Prosper Avril se prononce : La réhabilitation de la force armée, une décision heureuse, mais…

Source Prosper Avril Lieutenant-Général (ret) FAd’H Ancien président de la République  | Le Nouvelliste

En tant que militaire de carrière et ancien président de la République, je salue l’heureuse décision que vient de prendre le président Jovenel Moïse de réhabiliter l’institution militaire haïtienne en conformité avec des prescriptions de la Constitution du pays. Pour ma part, il s’agit d’une démarche lucide, indispensable pour la pérennité de la patrie commune. Cependant, de nos jours, beaucoup de mes concitoyens font encore état de leurs préoccupations concernant cette décision. Ils évoquent généralement, à ce propos, deux craintes majeures: celle d’une résurgence du phénomène des coups d’État militaires qui ont traumatisé le pays dans le passé, et celle de voir réapparaître des cas de violation des droits des citoyens de la part de certains militaires dans l’accomplissement de leurs tâches (Lame koudeta, lame kraze zo).
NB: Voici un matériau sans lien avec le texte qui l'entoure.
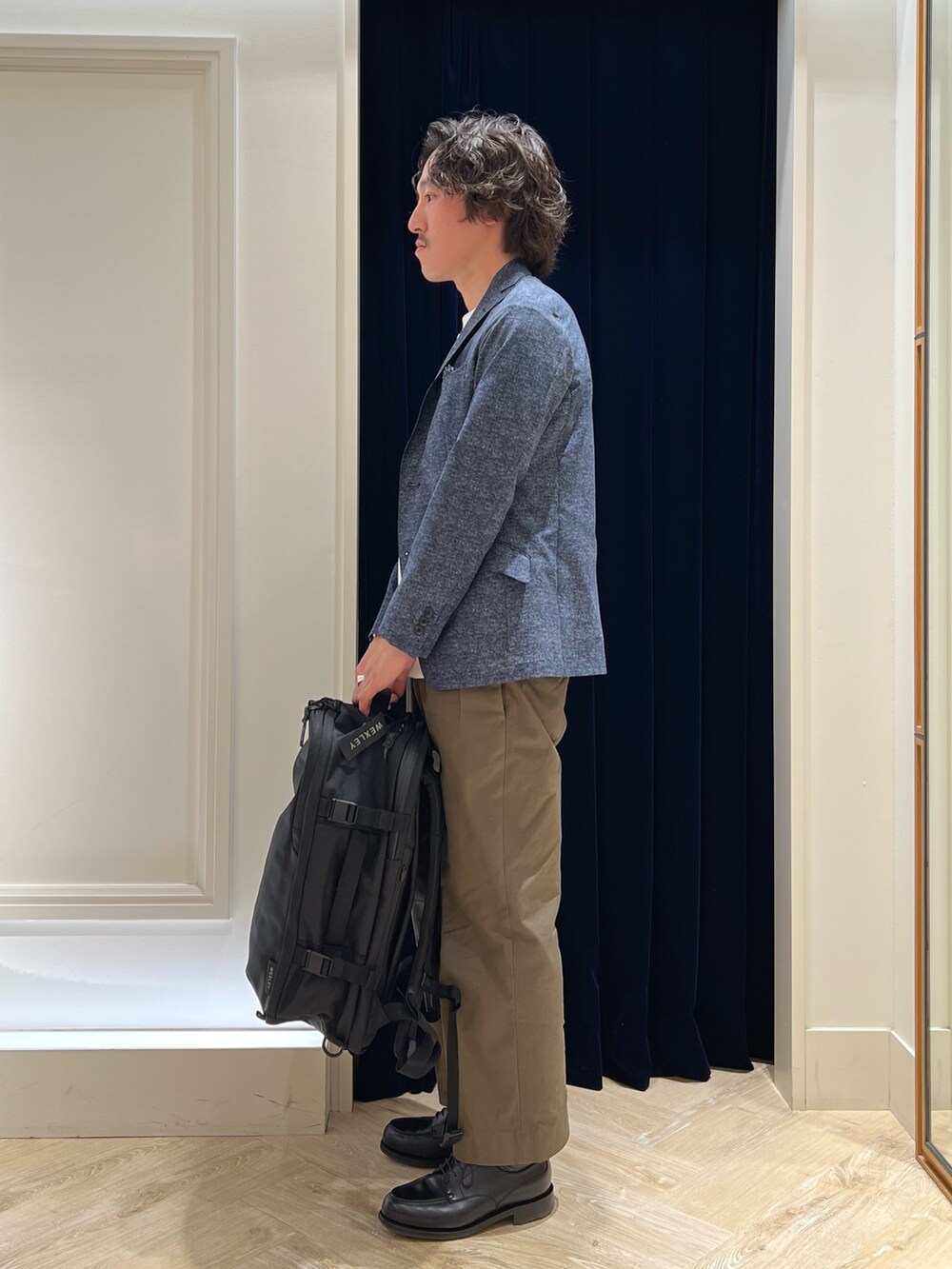 ホワイト系のTシャツ/カットソー、ブラック系のバックパック/リュック、ブラック系のその他シューズを着用したメンズの春コーディネートの6枚目の写真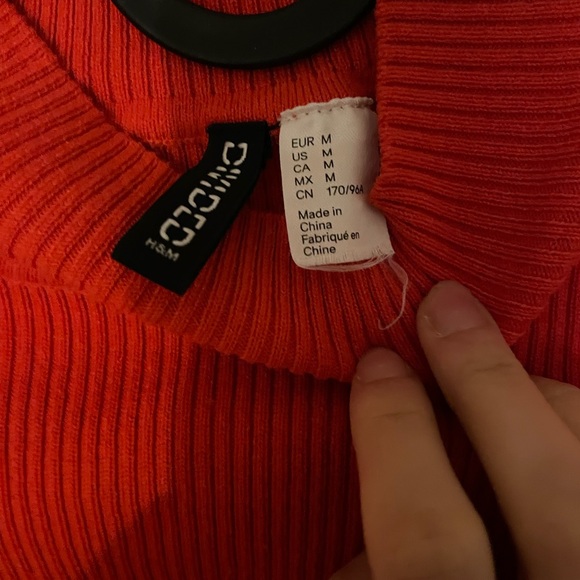 H&M Red Ribbed Crop Top - Picture 3 of 3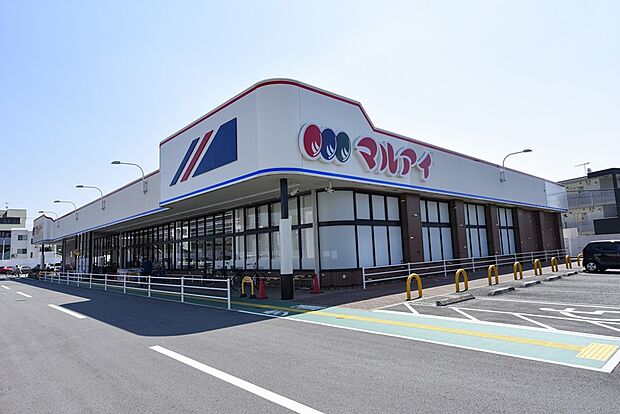 徒歩約3分（約240ｍ）。営業時間は9時から21時までで、仕事帰りの買い足しにも便利なスーパーマーケット。生鮮食品や日用品を身近にそろえられ、毎日の食卓を無理なく支える心強い存在が徒歩圏内です。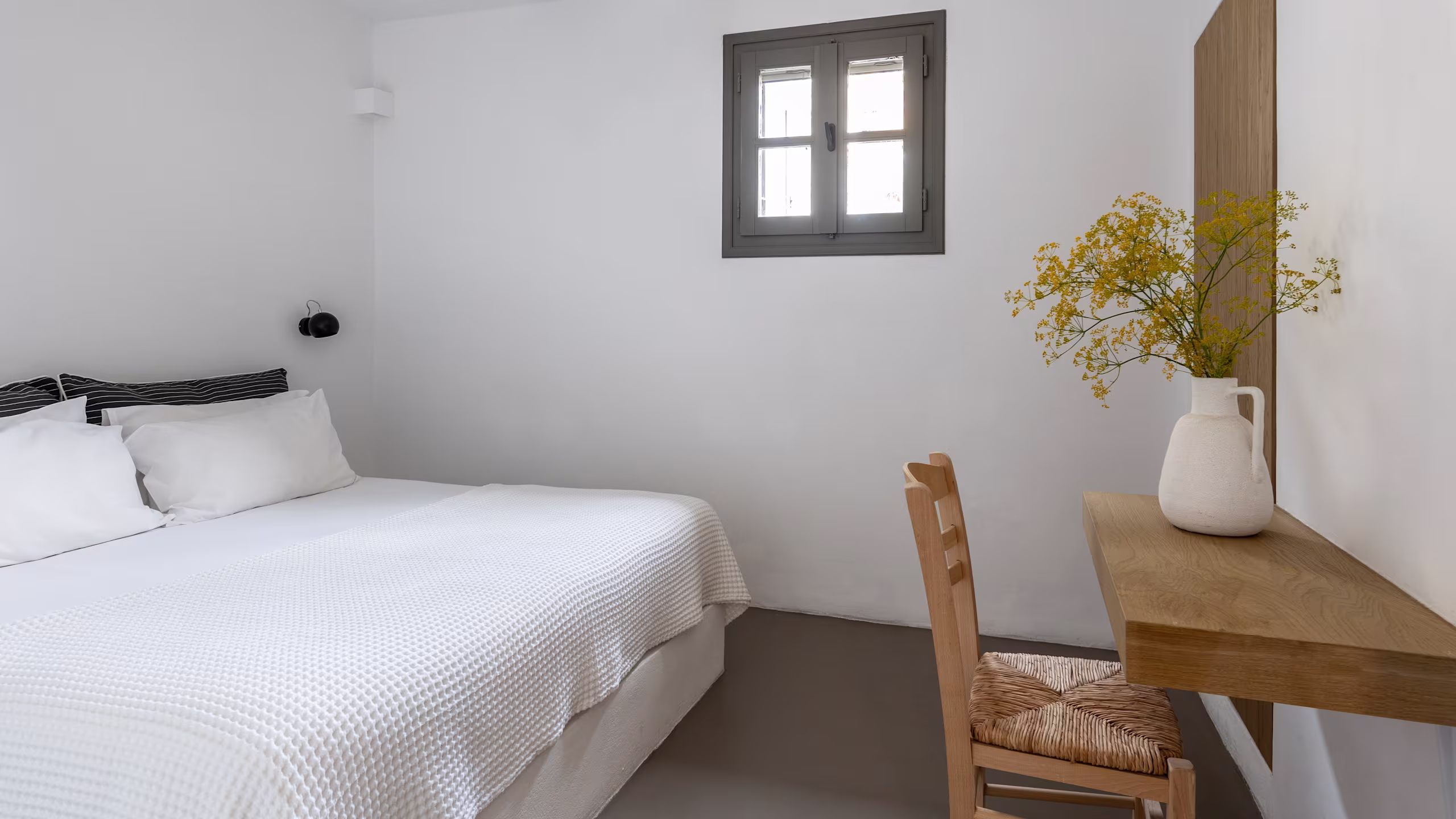 Turquoise Two-Bedroom Villa - Image 9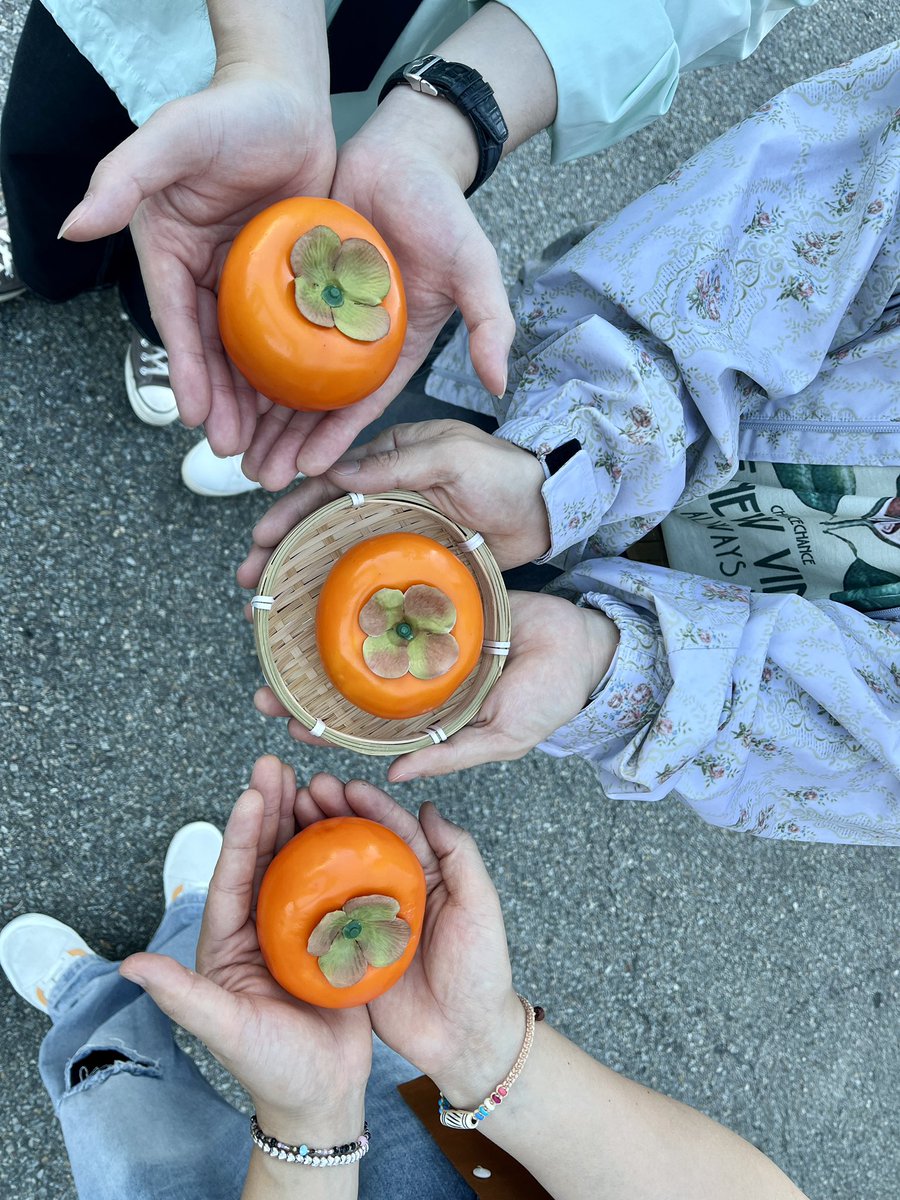 2024년 추석도 소란과 함께 🫶

맛있는 음식과 즐거운 시간 가득한
풍성한 한가위 보내세요🌕

#소란 #SORAN
#고영배 #서면호 #이태욱
#추석인사 #한가위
«Une armée sans mission, a dit récemment un officiel américain en visite dans le pays, est susceptible de se transformer en un atelier de démons». Cette pensée tout à fait judicieuse devait être considérée comme un conseil salutaire. L’absence d’une mission bien définie ou l’attribution d’une mission nocive à une force armée aura certainement des conséquences néfastes sur le comportement de ses membres.

Or, ce n’est pas l’armée qui fait les lois qui la gouvernent. Dans le cas qui nous concerne, précisément, l’erreur commise sur le plan légal en accordant des prérogatives illimitées à la force armée lors de sa création en l’année 1915 a grandement contribué à dénaturer l’institution militaire. Faisons rapidement un rappel historique sur ce point. L’article X du traité signé le 16 septembre 1915 entre les Etats-Unis d’Amérique et la République d’Haïti concernant la création de la force armée stipulait: « Le gouvernement haïtien, en vue de la préservation de la paix intérieure, de la sécurité des droits individuels et de la complète observance de ce traité, s’engage à créer sans délai une gendarmerie efficace, rurale et urbaine, composée d’Haïtiens».

La force armée était donc créée d’abord comme moyen de coercition pour l’observance stricte du traité d’occupation (d’où son emploi pour l’extermination des Haïtiens révoltés dénommés “cacos”) et pour sécuriser les droits des citoyens, ce qui autorisait son intervention au niveau politique. Il ne faut pas oublier que cette force armée était commandée par des officiers américains commissionnés par le président d’Haïti. L’année suivante, le 24 août 1916, un accord fut signé à Washington entre les gouvernements haïtien et américain dans lequel l’article IV confiait pratiquement le pays à la force armée en y renouvelant les mêmes attributions : « La Gendarmerie sera considérée comme l’unique force militaire et de police de la République d’Haïti, revêtue du plein pouvoir pour maintenir la paix intérieure, garantir les droits individuels et faire strictement observer les clauses du traité.» Avoir les pleins pouvoirs pour maintenir la paix intérieure, cela dit vraiment beaucoup.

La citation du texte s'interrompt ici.